The 2007 Public Accounts (page 1.7 of Volume I) indicate that the combined annual expenditure of all federal departments (excluding National Defence and transfer payments) was $40.3 billion. Of course, this figure will probably be higher in 2012-13. Nevertheless, it is striking that the tax cuts will cost as much as it currently costs to run the Government of Canada’s entire non-military side.

Table 2.3 (page 47) of the Statement indicates that federal revenues will be $288.9 billion in 2012-13. The implication is that, without the tax cuts, federal revenues would have been $329.1 billion.

Put another way, the Conservatives have surrendered 12.2% (or nearly one-eight) of future federal revenues during their two years in office. Given another decade and a half at this rate, the Canadian state would disappear altogether.

3 comments

  • wastes money that could otherwise have financed vital public programs

    How do you know the money is wasted? It is my money and I get to keep more of it now. I guess you, like so many of your Liberal friends, think I’m going to blow it on beer and popcorn.

  • A cursory examination of this blog will confirm that I am no Liberal.

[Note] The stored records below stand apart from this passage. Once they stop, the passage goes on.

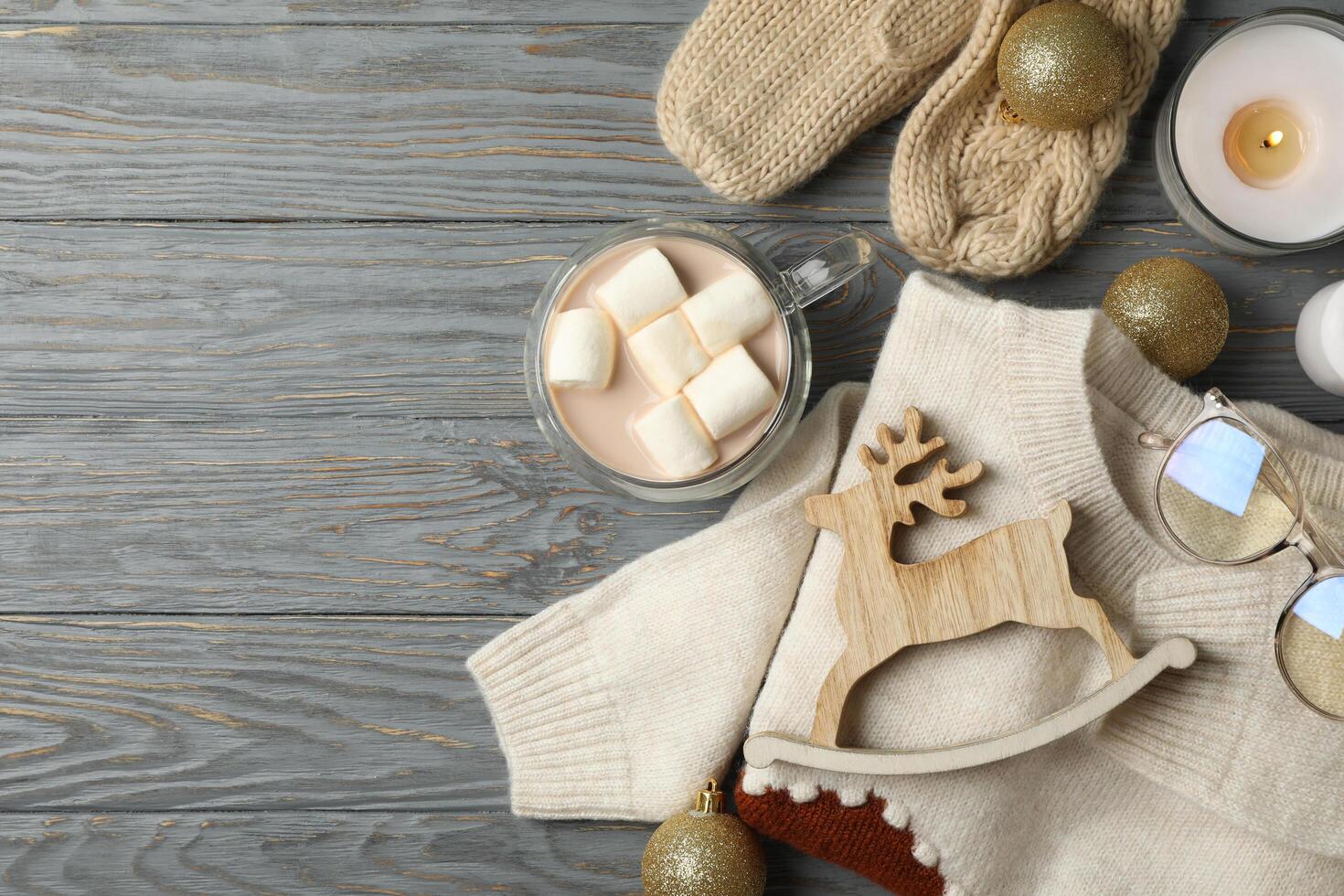 Winter concept with coffee with marshmallow, sweater and candles on wooden background photo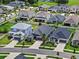 A well-kept residential neighborhood with neatly arranged houses and green lawns, and access to amenities at 10516 Tranquil Meadow Loop, Riverview, FL 33569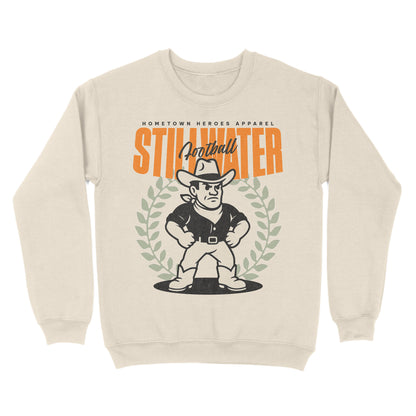 Beige sweatshirt with a graphic of a football player and 'Stillwater' text on a white background
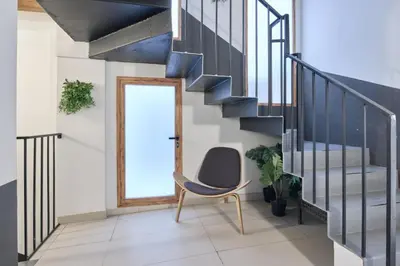 a room with a chair and a staircase at Apartamento elegante en Plaza del Carmen F2 in Valencia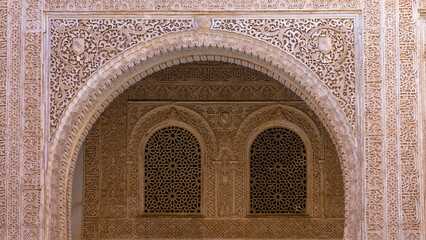 Fototapeta na wymiar ARABIC ARCHITECTURE OF THE ALHAMBRA, MOSAICS, LETTERING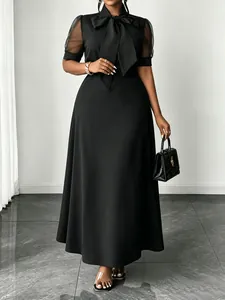 Elegant black midi dress featuring mesh patchwork sleeves and a stylish bow tie neck detail.
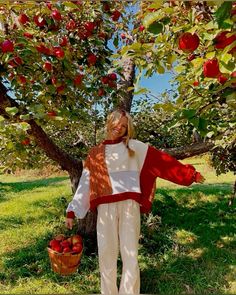 a woman standing in front of an apple tree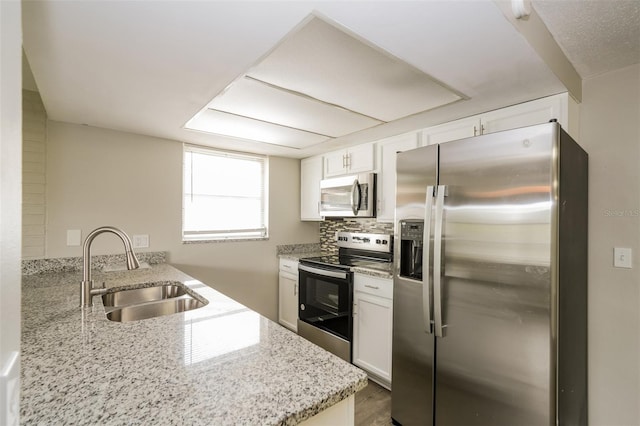 kitchen featuring appliances with stainless steel finishes, white cabinetry, kitchen peninsula, light stone countertops, and sink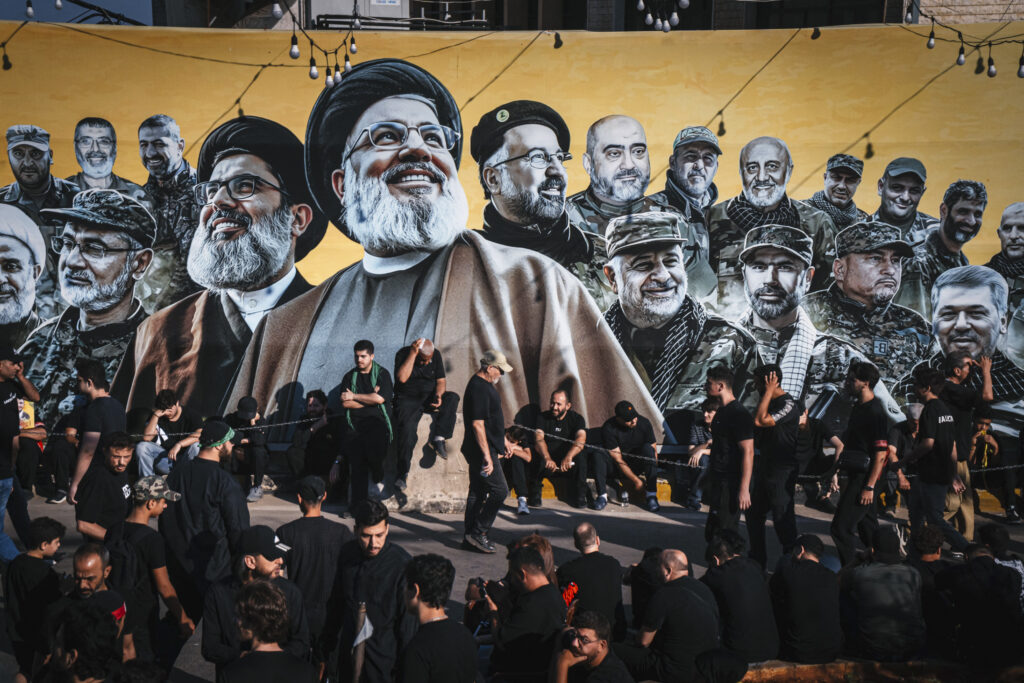 Men sit and stand near a large mural, featuring Hassan Nasrallah and other Hizballah members, during a mourning procession in the southern suburbs of Beirut on June 26, 2026. Photo by Nael Chahine/Middle East Images/AFP via Getty Images.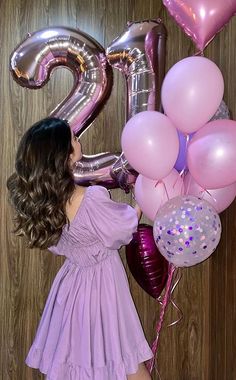 a woman in a purple dress is holding some balloons and the number twenty five balloon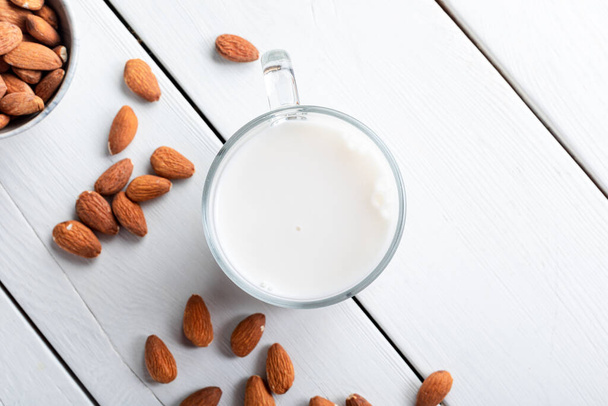 Glass of almond milk and nuts on white background, top view. Almond milk in glass and almond nuts on a wooden background. - Fotó, kép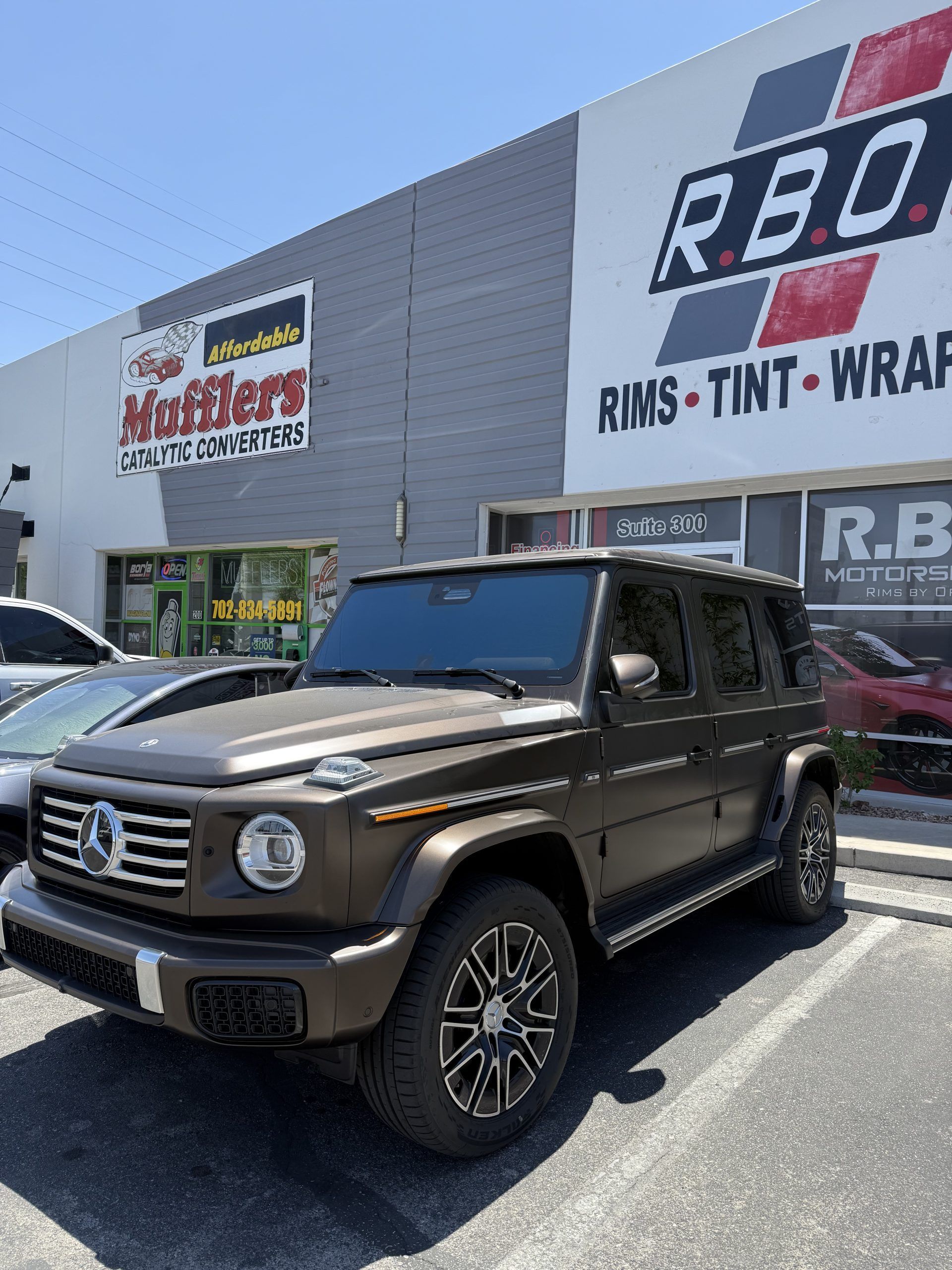 Black SUV parked outside an RBO tint and wrap shop on a sunny day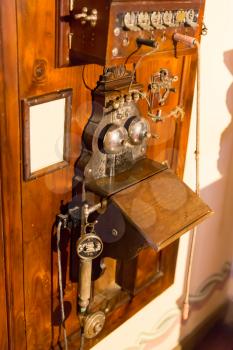 Wooden antique telephone on the wall closeup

In fact, the Liberals initiated many of the tax cuts in this mini-budget and allowed it to pass.

    I wish that these tax cuts would allow ordinary Canadians to buy more beer and popcorn, but groceries are already GST exempt. A predominant share of the money will simply add to corporate Canada’s record-high profits, causing it to pay more tax to the US government instead. I do consider that to be wasteful, from a Canadian perspective.

  • American voted for Bush and suffered from a quickie pleasure fixed for the 1st few yr. The damage had already done would take years to repair. Now, Canadians are doing the same vote for Harper for his Tax cut schemes that would cost us sever pain later. Actually already happening.
    If not that 2% GST cut, we may not fall into such a deep trap and may have a few tight budget to play around easing current economic hard time. What’s next, cut our health care to compensate the short fall by privatize it while American try model our universal HC system?